Top of Recorded information

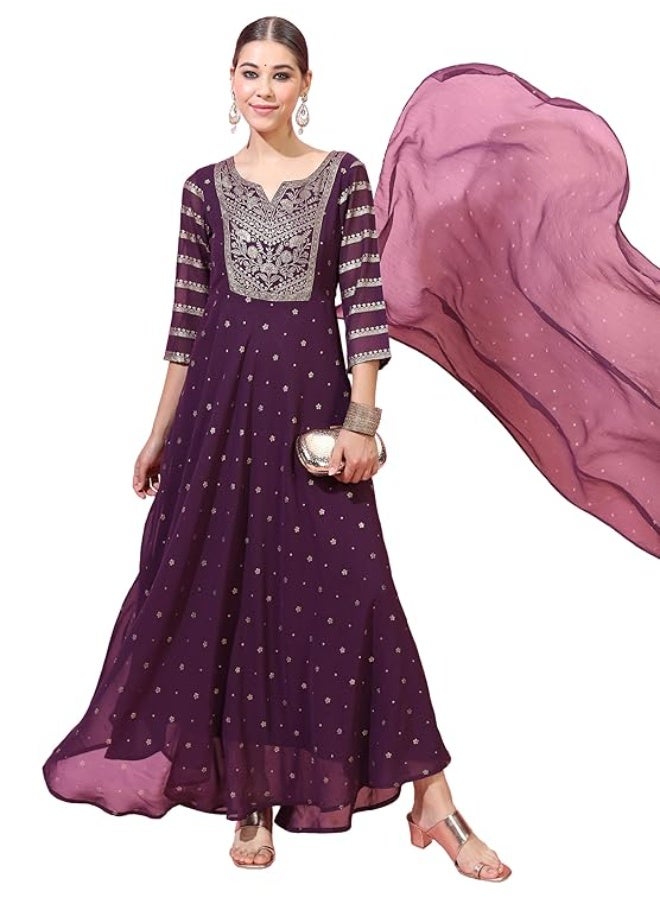 Vishudh Women's  Dress & Dupatta Set | Ready-to-Wear Indian Outfit for Women | Coordinate Fashion for Indian Celebrations Polyester  S PURPLE - Image 1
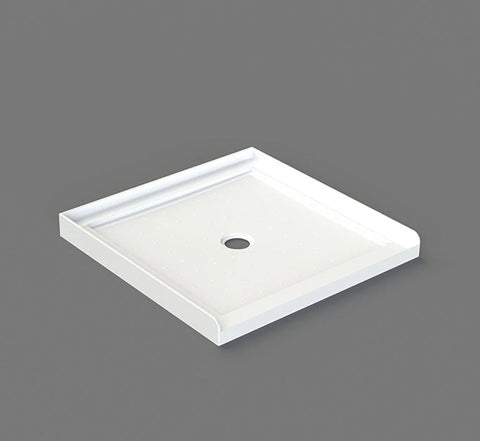 Shower Tray 3-sided upstand Square Centre Waste 900mm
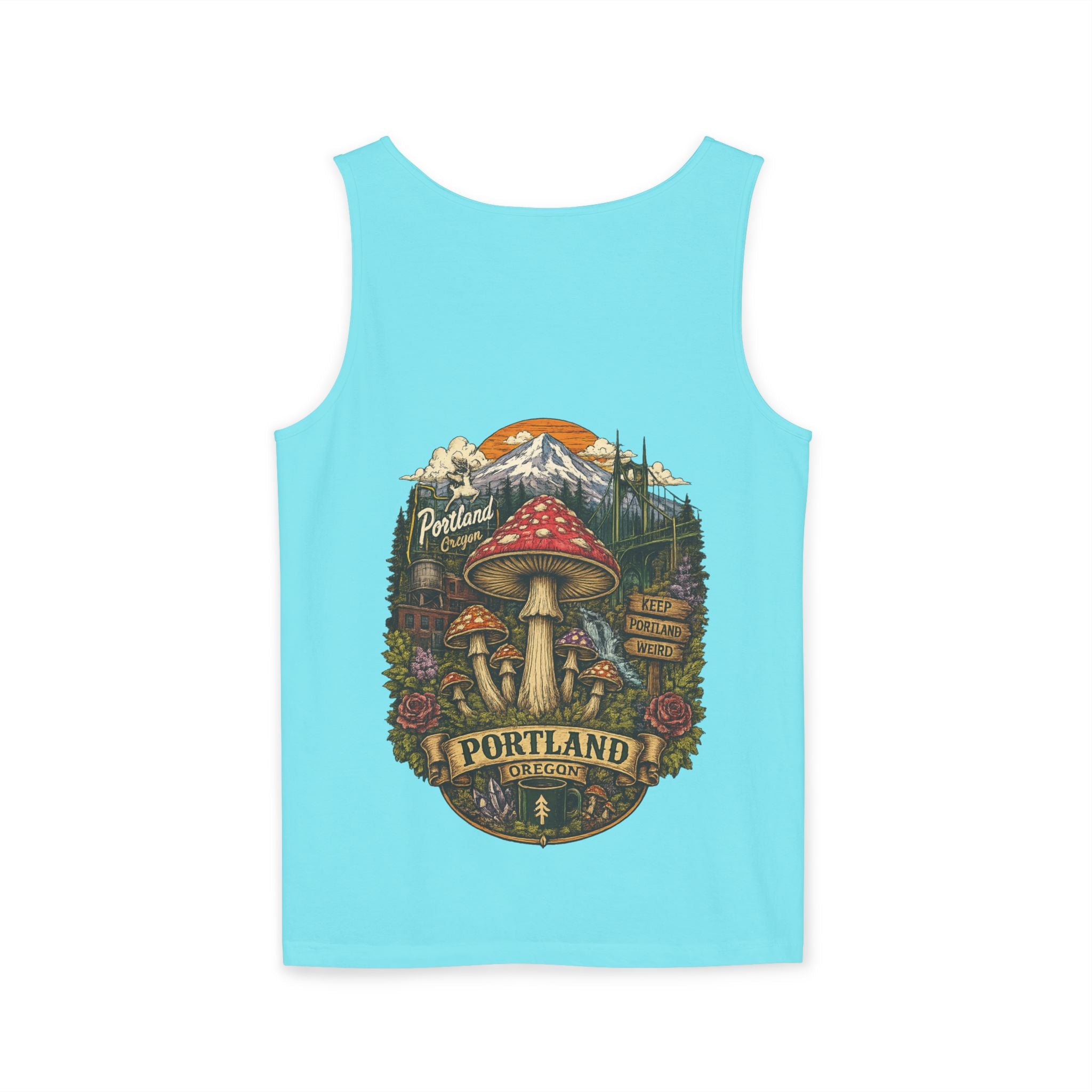 City: Portland Mushroom Tank Top — Psychedelic Forest Graphic Tank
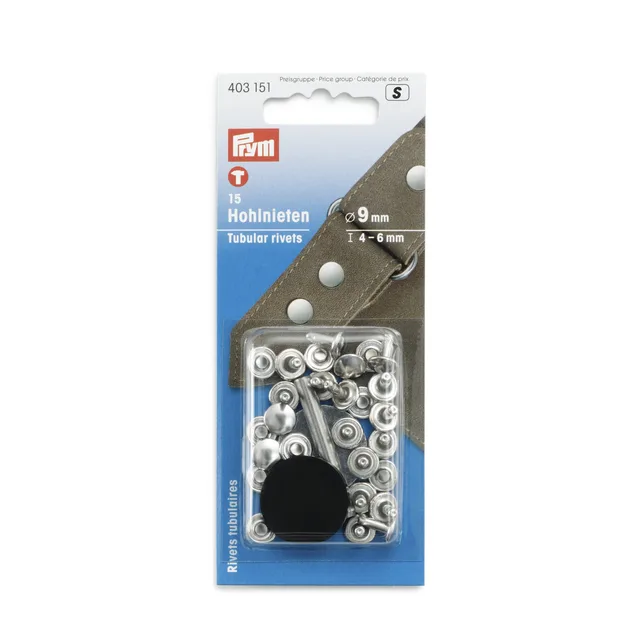 Lädernitar 9mm passar 4-6mm tjockt material,15st.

Bottom of Recorded information

### [What this task involves]
Everything in the material above must be repeated exactly, apart from its pictures.

### [Response to this task]
 Vishudh Women's  Dress & Dupatta Set | Ready-to-Wear Indian Outfit for Women | Coordinate Fashion for Indian Celebrations Polyester  S PURPLE - Image 1
 Shower Tray 3-sided upstand Square Centre Waste 900mm
 City: Portland Mushroom Tank Top — Psychedelic Forest Graphic Tank
 Lädernitar 9mm passar 4-6mm tjockt material,15st.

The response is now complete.